### Data provided

▼▼▼

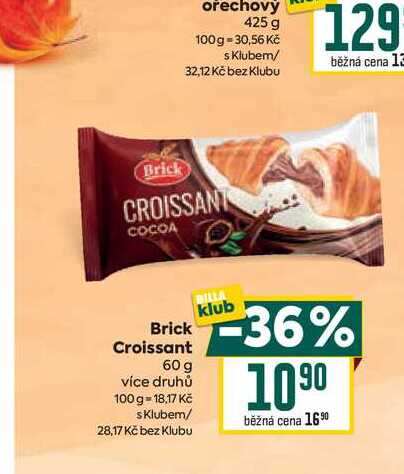 Brick Croissant 60 g 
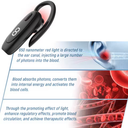 650nm Red Light Ear Device for Personal Care with Portable Design
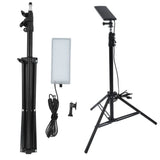 1.8m Telescopic Black Tripod LED Work Light for Camping and Outdoor Use V178-59156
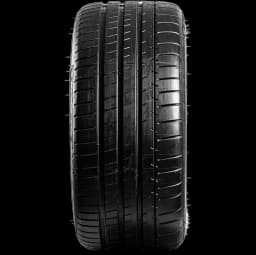 Michelin Pilot Super Sport 17" front tire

▲▲▲

### Problem description
Please give the material above again in full, with no pictures in your version.

### Result of the task
 Brick Croissant 60 g 
 650nm Red Light Ear Device for Personal Care with Portable Design
 1.8m Telescopic Black Tripod LED Work Light for Camping and Outdoor Use V178-59156
 Michelin Pilot Super Sport 17" front tire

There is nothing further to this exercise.